A la mañana siguiente desperté y sentí su verga otra vez dura. Esta vez sí hubo penetración. Pero fueron otras las cosas que ocuparon mi atención. La pared con trozos de musgo verde creciéndole, la humedad brotando por las paredes, la densidad del aire y su lengua doblándose en mi boca. Siguió penetrándome mientras, alrededor nuestro, el musgo y los insectos entraban y salían por los poros abiertos, diminutos, que agujereaban esas paredes mientras yo sentía el escalofrío de la tripofobia: imaginaba huecos como poros abriéndose también en toda su espalda y tomándose su cuerpo. La morbosidad creciendo hasta interrumpirse por un escándalo que ocurría en algún lugar de la casa y que lo hizo parar y levantarse. Son los gatos, dijo, llegó uno nuevo. Yo me levanté tras él, despacio, y, al seguirlo, descubrí un pasillo atravesado por rayitos de sol que entraban por una claraboya circular. En el piso, amontonados, instrumentos musicales y libros. Pilas de libros. Flautas. Tambores. Partituras. Objetos, collares y máscaras. Cofres. Todo sobre el suelo terroso. Al final del pasillo, un montoncito de ropa y mis patines. Fui hacia allá y mientras caminaba sobre el polvo apareció un gato inmenso y tras él dos más pequeños. Se dispararon por una ventana abierta por la que entraban helechos. Caminé hacia mi ropa y me vestí dándome cuenta de que en el salón había un mueble rojo sin utilidad alguna, puro adorno, y un sillón de cuero que parecía salido de alguna oficina. En una esquina, el parlante pequeño, y sobre él, una computadora que no había parado de sonar, aunque ahora mismo no puedo recordar ninguna de las canciones que tocó. Toda la noche música.

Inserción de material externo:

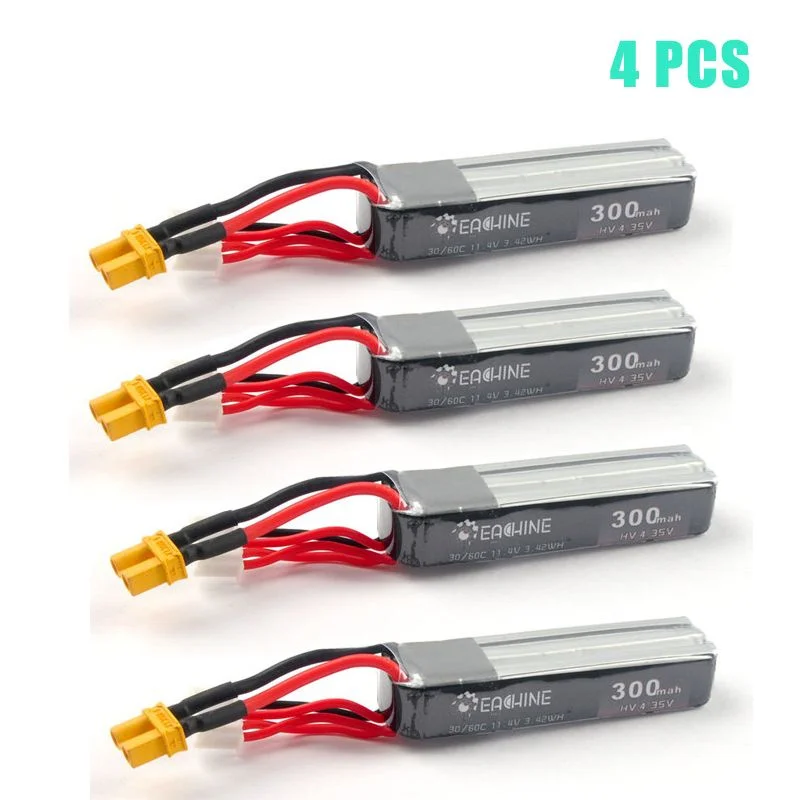 Гоночный Дрон RedDevil 105 мм 4 шт. запасная часть 11 1 В 3S 300 мА/ч 30/60C Lipo батарея для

Esto es una cueva o una caverna o una rampa o un pozo, pensé, sintiendo que todo era tan real como absurdo. El hombre salió de lo que supuse era la cocina y me ofreció una chirimoya. La partió en dos. Dos corazones blancos de una textura peluda y pulcra. Se quedó con uno de los corazones en la mano y me ofreció una cuchara con la que yo lo destripé hasta dejar el orificio lleno de pepas. Luego, me pasó el otro extendiendo su mano pálida y esa imagen fue de una hermosura que me hizo pensar que estaba sucediendo algo extraordinario –la gravedad de ese instante previo a que sucediera lo irreversible–. Quedaron las dos cáscaras de chirimoya que él apiló y que acercó a su pene para mear un chorrito dentro de ellas. Luego se rio ofreciéndomelo para tomar. Yo dudé. Él volvió a reír y empezó a caminar hacia su cuarto, mientras decía que tenía que salir. Es domingo, hay cosas familiares ineludibles, eso creí escuchar, pero pudo haber dicho también imperdibles o, quizá, indecibles. Dijo, además, que podía esperarlo, de eso sí estoy segura. Pero yo ya me había puesto los patines sintiendo que en mi estómago se formaba lenta una ráfaga fría que subió y me golpeó la garganta. Empecé a llorar. Inmenso el hueco que tenía que atravesar para irme. El hombre no entendió nada. Se acercó y me abrazó y yo le quise decir aquí me quiero quedar a vivir. Por favor. Y de la vergüenza –por el sentimiento y por el pensamiento y por las lágrimas– salí casi sin despedirme, patinando torpemente, y de modo aún más torpe abrí las puertas y agarré pista. Llegué hasta la carretera y tomé un bus. Al llegar a mi casa con el chuchaqui mortal, con la angustia rajándome la garganta, con el sol lastimándome la piel, con la vagina ya seca, apenas un leve goteo rojo, y el éxtasis como el agujero obsceno en el centro del cuerpo por el que huye todo, pelé y rallé una manzana arenosa que era lo único que podía desayunar. Observar el modo en el que la miel caía en un chorro perfecto, desde la cuchara sostenida por mis manos temblorosas, sobre los flecos de la manzana, me devolvió cierta calma y pude dormir.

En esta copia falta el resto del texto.